Stories and short stories
- The story of a lie. In: New Quarterly Magazine Oct 25, 1879; dt. The story of a lie. Winkler 1960.
-
New Arabian Nights. 1882; Collection of stories, including:
- The Suicide Club. dt. The suicide club . Winkler 1960
- The Rajah's Diamond. dt. The diamond of the rajah . Winkler 1960
- The Pavilion on the Links. dt. The pavilion on the dunes . Winkler 1960
- A Lodging for the Night - a Story of Francis Villon. German night quarters . Winkler 1960
- The Sire de Malétroit's Door. dt. The door of the Sire de Malétroit . Winkler 1960
- Providence and the Guitar. dt. Providence and the guitar. Winkler 1960.
- The Body Snatcher. 1884; German The corpse robber . Winkler 1960
- More New Arabian Nights: The Dynamiter. co-authored with Fanny Stevenson, 1885; Narrative cycle; German: The Dynamite Conspirator - New Arabian Nights . Achilla Presse, Butjadingen 2006, ISBN 3-928398-93-8 .
- The Strange Case of Dr. Jekyll and Mr. Hyde. 1886; German first edition 1889; dt. The strange case of Dr. Jekyll and Mr. Hyde. u. a. Winkler 1960 & Hildesheim 2002: ISBN 3-8067-4767-9 .
- The Misadventures of John Nicholson. A Christmas Story. In: Yule Tide. Cassell's Christmas Annual. Dec 1887; dt. The unfortunate adventures of John Nicholson . Winkler 1960
-
The Merry Men and Other Tales and Fables. 1887; Collection of stories, including:
- The Merry Men.

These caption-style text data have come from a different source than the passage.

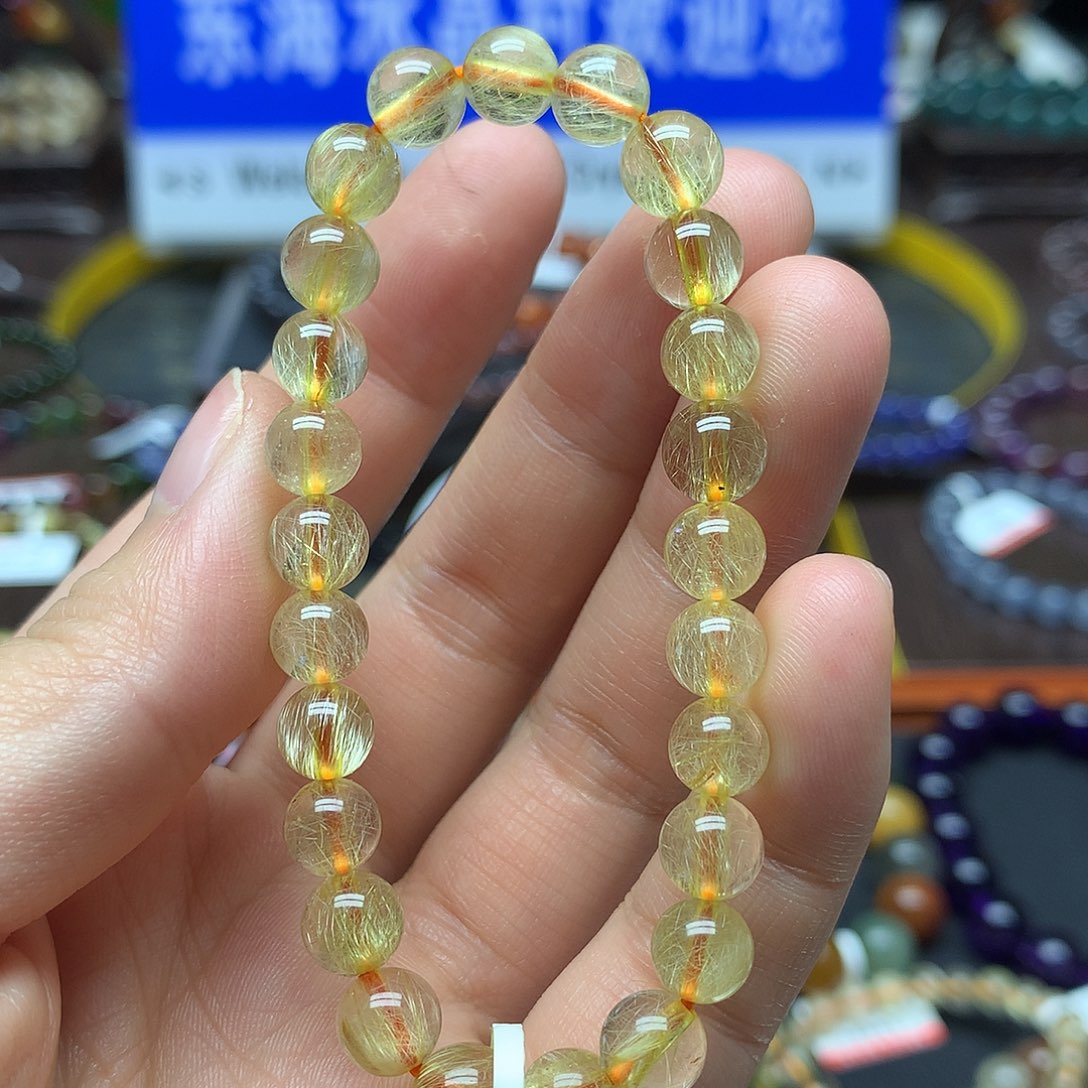 水晶手链未镶嵌手链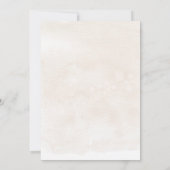 Invitation Carton d'invitation espagnol Fleur sauvage beige p (Dos)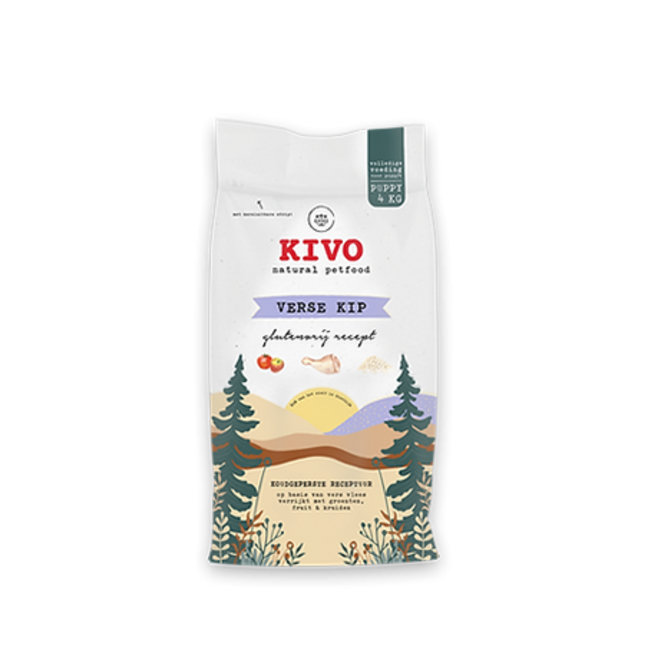 Verse kip puppy - glutenvrij 4 kilo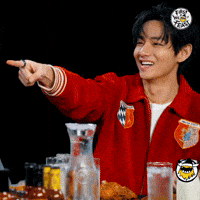Pointing At You K Pop GIF by First We Feast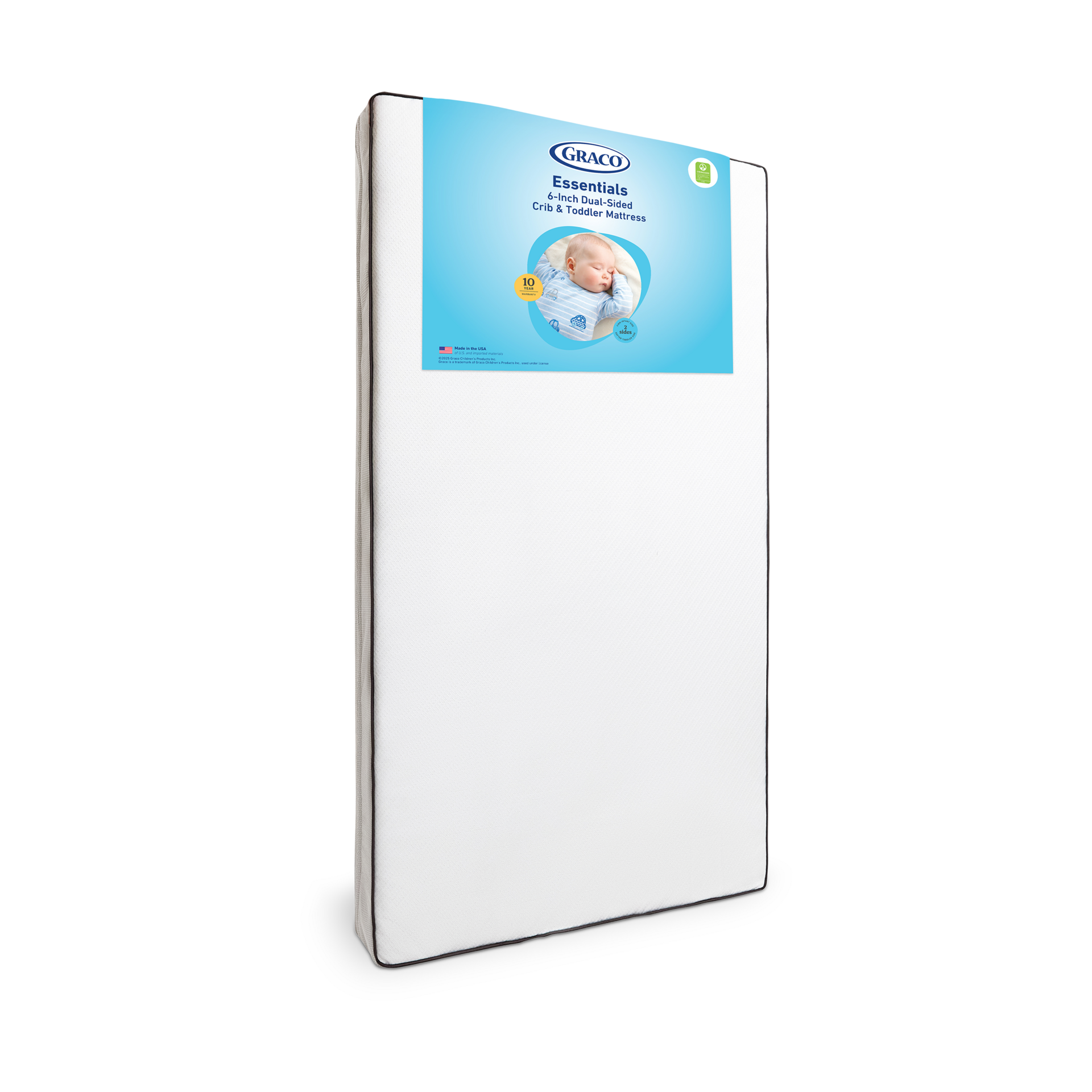 Graco Essentials 6-Inch Dual-Sided Crib & Toddler Mattress.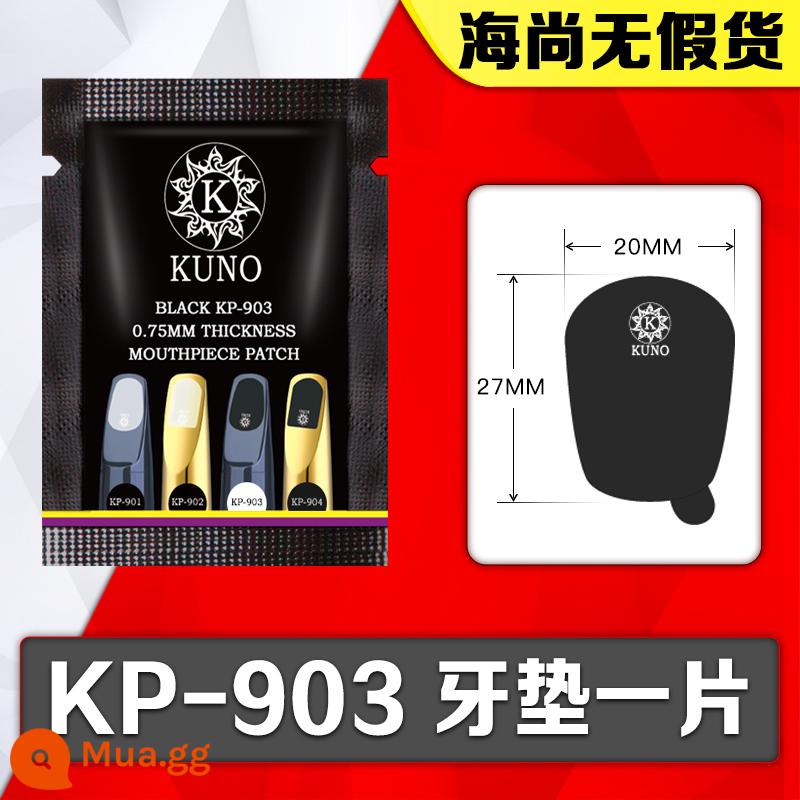 BG saxophone răng miếng đệm clarinet alto sax sáo đầu kim loại miếng răng màu đen trong suốt răng dán clarinet phụ kiện - Jiuye KP-903 One Piece [Đen Lớn]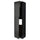 METOD - High cab for fridge with 3 doors, black/Nickebo matt anthracite , 60x60x240 cm
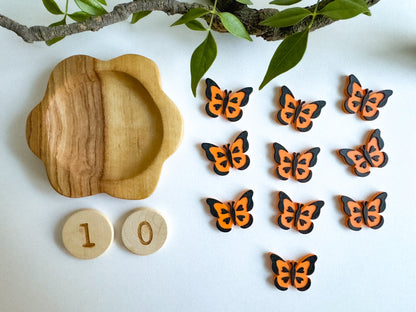 Bug-themed Math Counters set of 10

Dt. The great men . Winkler 1960
- Will o 'the Mill. 1878; German want out of the mill . Winkler 1960
- Markheim. 1886; German Markheim . Winkler 1960
- Thrawn Janet. 1881; dt. The crooked Janet . Winkler 1960 or Die twisted Janet. jmb, Hannover 2010, ISBN 978-3-940970-82-4 .
- Olalla. 1885; German Olalla . Winkler 1960
- The Treasure of Franchard. 1883; dt. Franchard's treasure. Winkler 1960.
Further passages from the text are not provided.